- Education: Ph.D. (McGill), M.A. (Calgary), B.A. (Calgary)
- Occupations: Associate Professor, Department for the Study of Religion, University of Toronto, Ontario, Canada
- Website: religion.utoronto.ca/people/faculty/arti-dhand/

= Arti Dhand =

Arti Dhand is an associate professor at the University of Toronto, Department for the Study of Religion. She specialises in the Mahabharata and the Ramayana Hindu epics, Hindu ethics, gender issues in Hinduism, and religion and sexuality.

==Career==
She has authored several publications including Woman as Fire, Woman as Sage: Sexual Ideology in the Mahabharata published in 2008 and numerous articles on topics such as "Engendering Brahmanirvanam in the Mahabharata: A Conversation between Suka and Sulabha," "Hinduism and Pedagogy: Teaching Hinduism to Hindus in the Canadian Diaspora," and "The Subversive Nature of Dharma in the Mahabharata: A Tale of Women, Smelly Ascetics, and God."

She was a key speaker at the 2005 conference of the London School of Oriental and African Studies. The SOAS also commends her scholarly works in her chosen field of research.

==Education==
Arti Dhand has a B.A. and M.A. from the University of Calgary, and a Ph.D. from McGill University.
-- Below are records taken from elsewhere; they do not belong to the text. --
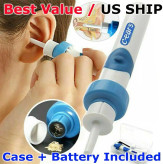 ابزار تمیزکردن گوش یونیک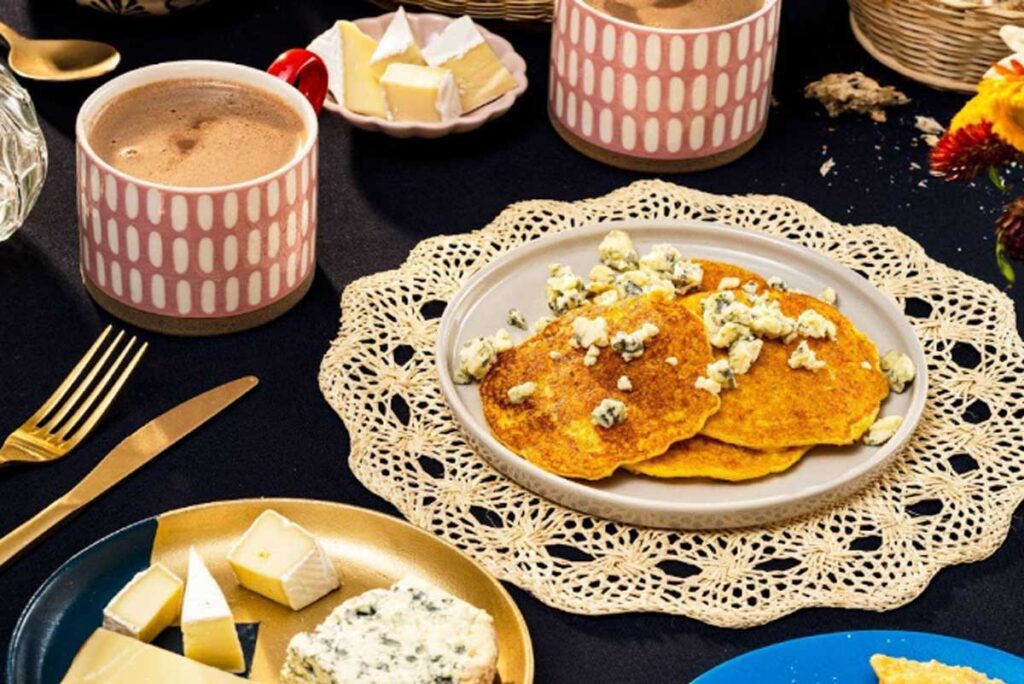Cuatro recetas de arepas para todos los gustos Recetas de arepas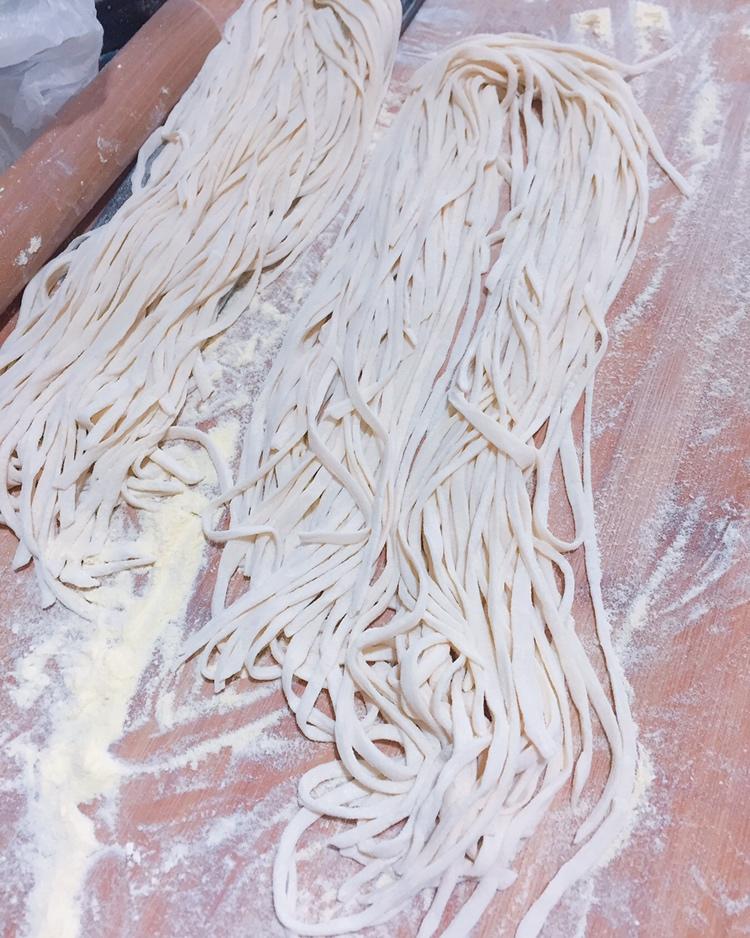 手擀面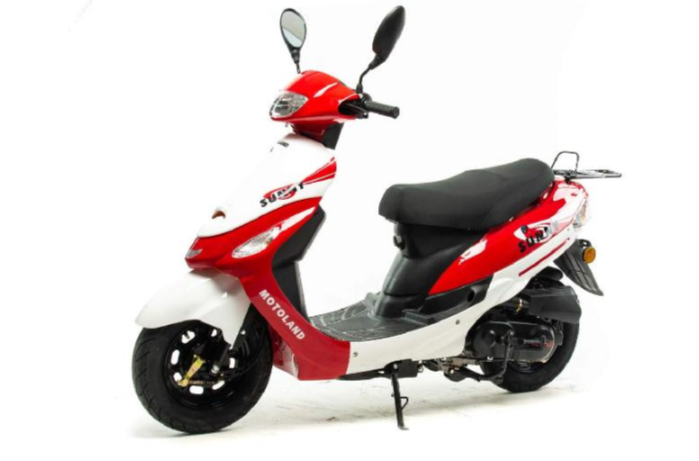 Скутер SUNNY (2021 г.) в Одинцово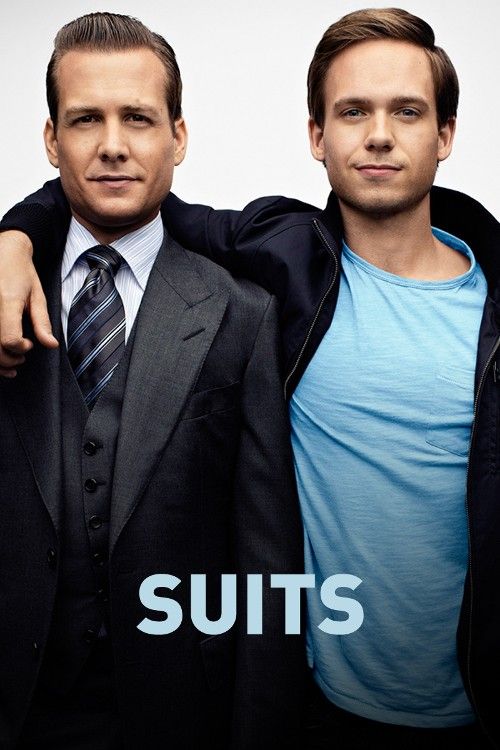 Suits (2011) Season 1 Hindi Dubbed Series download full movie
==Principal publications==

- 2005 "Hinduism and Pedagogy: Teaching Hinduism to Hindus in the Canadian Diaspora". In Method and Theory in the Study of Religion. 72/2. 22pp.
- 2005 Women and Sexual Ideology in the Mahabharata. Book manuscript under review.
- 2003 "The Subversive Nature of Dharma in the Mahabharata: A Tale of Women, Smelly Ascetics, and God" Journal of the American Academy of Religion.
- 2002 "The Dharma of Ethics, the Ethics of Dharma: Quizzing the Ideals of Hinduism". Journal of Religious Ethics. Fall 2002. 30.3: 347-372.
- 1995 "Karpu: The Ideal of Feminine Chastity in the Cilappatikaram".
- 1997 "Post-colonial Critique of Indology, and its Implications for the Study of Hindu Women".